Materials to reproduce main analysis reported in "Transforming Stability into Change: How the Media Select and Report Opinion Polls". Raw media documents cannot be shared publicly, hence text analysis part is not included in the script. The data file is supplied for the sole purposes of reproducing the materials in the paper. Please get in touch with the authors regarding data use for different purposes and original files, we are happy to help.

Some of the data is being used for other projects as well, please get in touch.

Contents:

1) ijpp-polls.R:           R script to produce the results.

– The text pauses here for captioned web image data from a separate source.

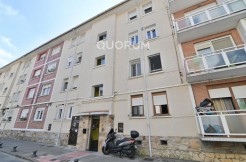 Piso Reformado De 2 Habitaciones En Tximelarre Goikoa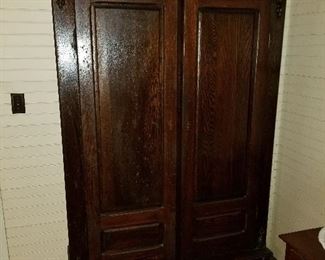 Lot #25 Antique Wardrobe $250 (48Lx18Wx82H)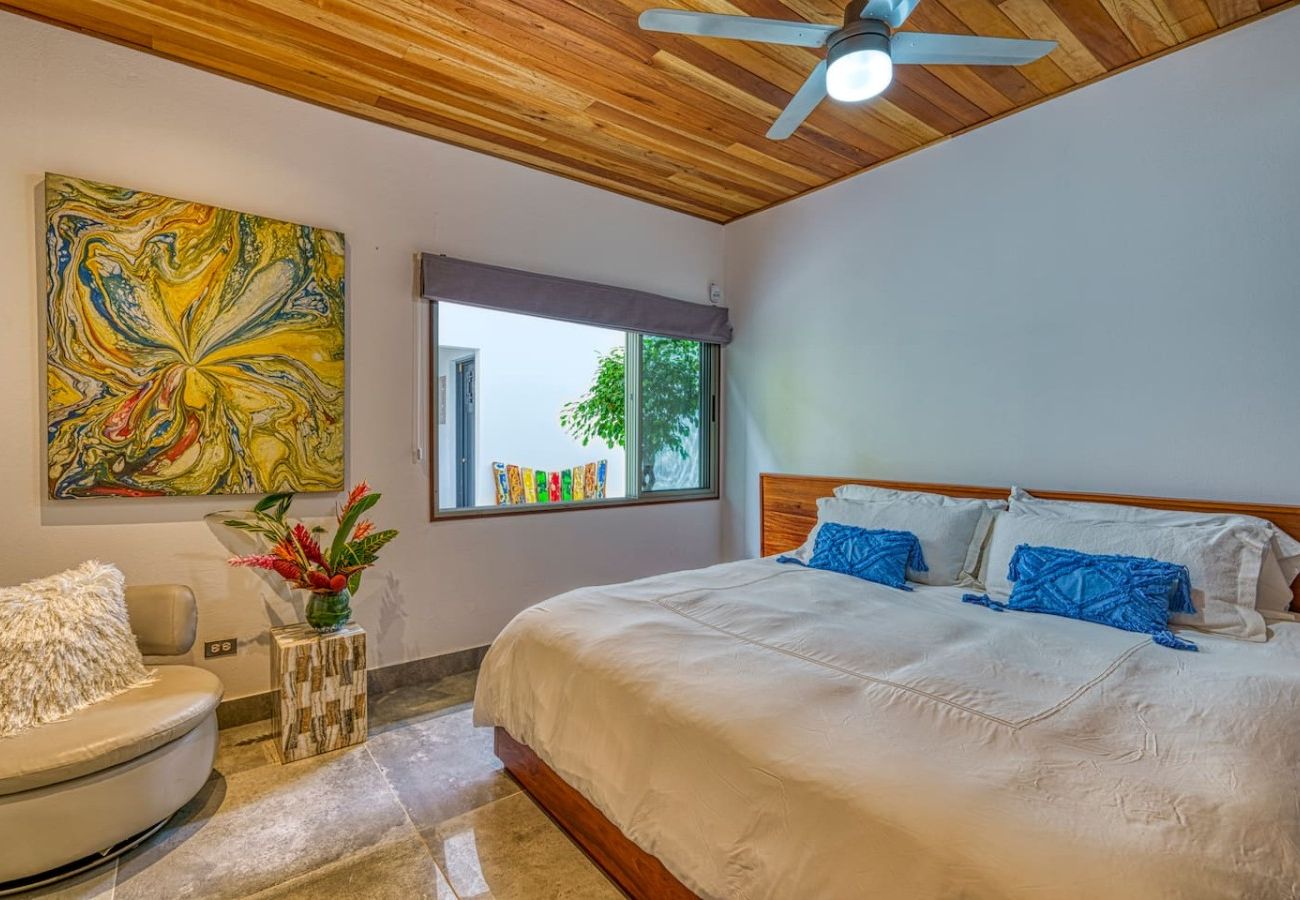 Villa in Savegre - Miralago Villa by Pura Villas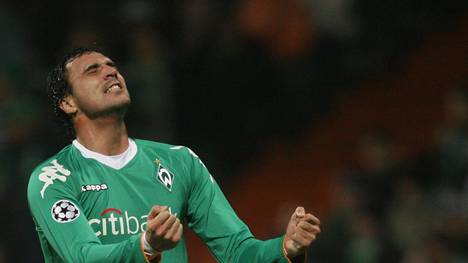 Werder Bremen's Portuguese striker Hugo Almeida reacts after a missed opportunity during the Werder Bremen (Germany) vs Lazio (Italy) group C Champions League football match in Bremen 24 October 2007. Bremen won 2 to 1. AFP PHOTO JOHN MACDOUGALL        (Photo credit should read JOHN MACDOUGALL/AFP via Getty Images)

No automated export of tables/figures.
2) polls.csv:              poll level data with mention counts.
3) polls-hierarchical.csv: stacked data file with article x polling company dyad grouping for hierarchical models.
4) polls-content.csv:      article data file with content specific outcome variables included.

Variables:

1) polls.csv

"poll": 				poll id.              
"poll_date": 			when the poll was carried out.         
"pollingfirm": 			polling company name.       
"volat_own_prev": 		volatility comapred to previous poll (same company).    
"n_significant": 		number of significant (0.05) changes comapred to previous poll (same company).    
"any_significant": 		any significant change (from n_significant), 0 or 1.   
"max_change": 			maximum change compared to previous poll (same company).        
"mentions_main": 		number of mentions a poll had.     
"is_mention_main": 		any mention of the poll (from mentions main), 0 or 1.   
"e_proximate": 			is it close to an election (EP or local election only), 0 or 1.       
"days": 				days since previous poll.              
"days_sd": 				days since previous poll, mean centered and divided by two standard deviations.          
"volat_own_prev_sd": 	volatility,  mean centered and divided by two standard deviations. 
"max_change_sd": 		maximum change,  mean centered and divided by two standard deviations.
"month_effect": 		month (with year) when poll was carried out.
"year": 				year when poll was carried out.             

2) polls-hierarchical.csv

Same as above, with the following differences/additions:

* mention and is_mention stands for mentions_main and is_mention_main.

"media": name of media outlet.
"partners": 1 if media outlet is partner with the polling organization, 0 otherwise.
"dyad_id": combination of polling firm and media name (id variable).

3) polls-content.csv:

"doc_id:" 				document id.               
"row_id": 				combined id, for raw data merge (not used). 
"is_title_change": 		does title make a change reference (1), or not (0). 
"text_isuncertain": 	does main text make a reference to uncertainty (1), or not (0). 
"expert_quote":			does main text quote experts (1), or not (0).